El alboroto asolaba calles y edificios. Los soldados aragoneses continuaban con la rapiña pese a las órdenes de sus oficiales, quienes requisaban todo aquello que les encontraban encima. Los trompeteros aragoneses pregonaban por doquier las órdenes del monarca, y los ciudadanos, animados por el perdón real, se quejaban del latrocinio y hasta llegaban a oponerse por la fuerza. Arnau suspiró. Alfonso era un rey generoso y magnánimo, pero los soldados tenían derecho al botín; Nápoles no se había rendido, sus gentes habían soportado el asedio y la conquista de la ciudad había requerido la muerte de muchos de sus hombres. Acababa de padecerlo. Se cruzó con algunos soldados que corrían cargados con objetos y que se detenían asustados ante su presencia. Todos conocían a Arnau Estanyol, conde de Navarcles, general del ejército aragonés.

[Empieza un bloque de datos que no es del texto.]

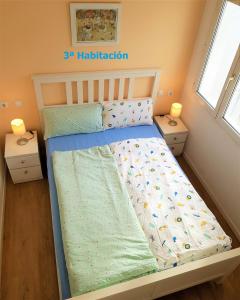 1 cama en una habitación pequeña con 2 mesitas de noche en Vivienda con 3 habitaciones PRÍNCIPE del SILENCIO, en Gijón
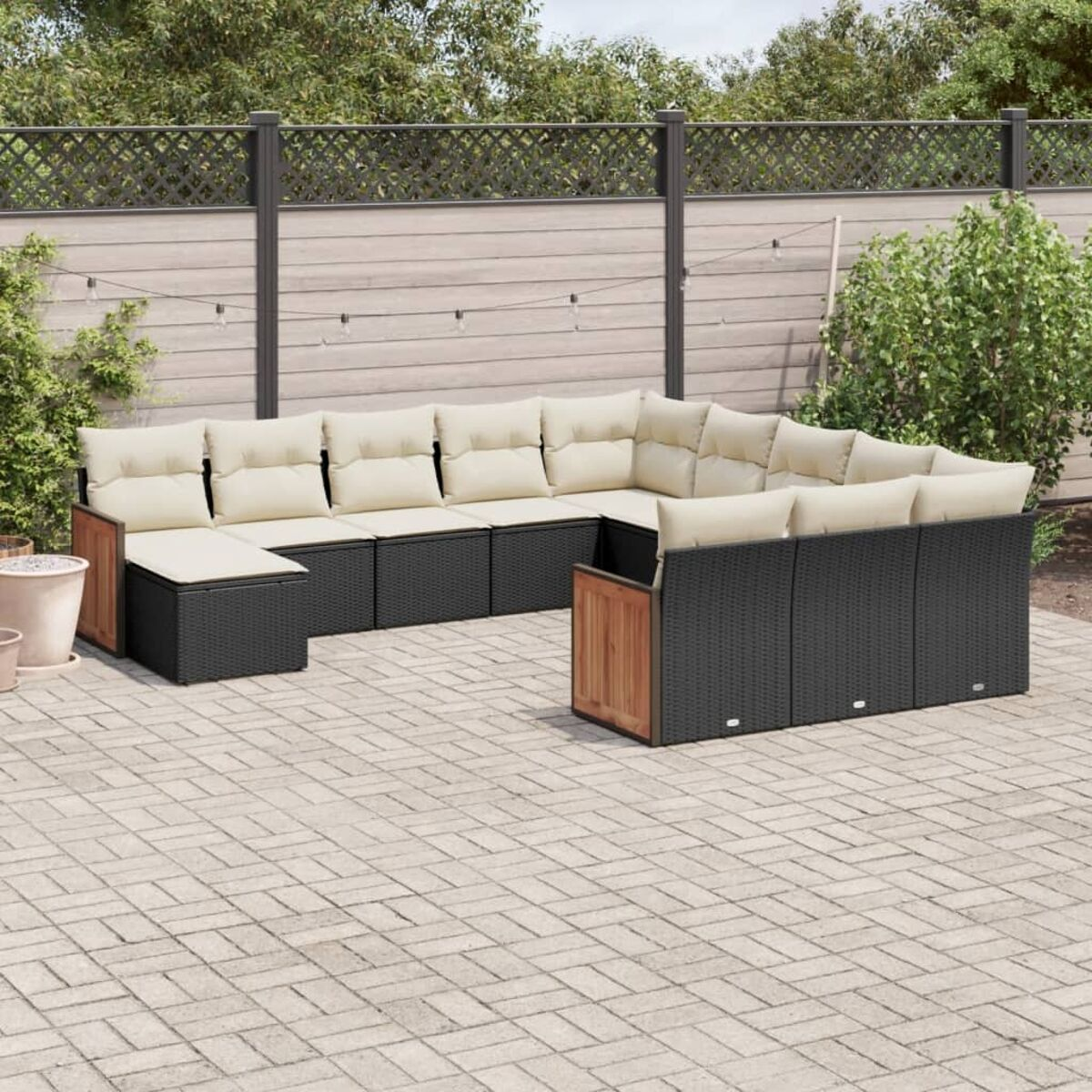 Schwarzes Korbsessel-Ecksofa mit beigen Kissen in einer Außenterrasse.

—Sabed que el rey ha decretado que cesen los saqueos —les anunciaba entonces Arnau con tono monótono—. Restituid esos bienes a sus legítimos dueños —les conminaba sin detener a Peregrino.

La primera vez, pajes y soldados le avisaron de que los saqueadores le desobedecían y escapaban en cuanto los superaba. Arnau se encogió de hombros. En las siguientes ocasiones todos caminaron en silencio tras su capitán; Paolo, el último de ellos, retrasado unos pasos, sin atreverse a formar parte de la hueste del conde.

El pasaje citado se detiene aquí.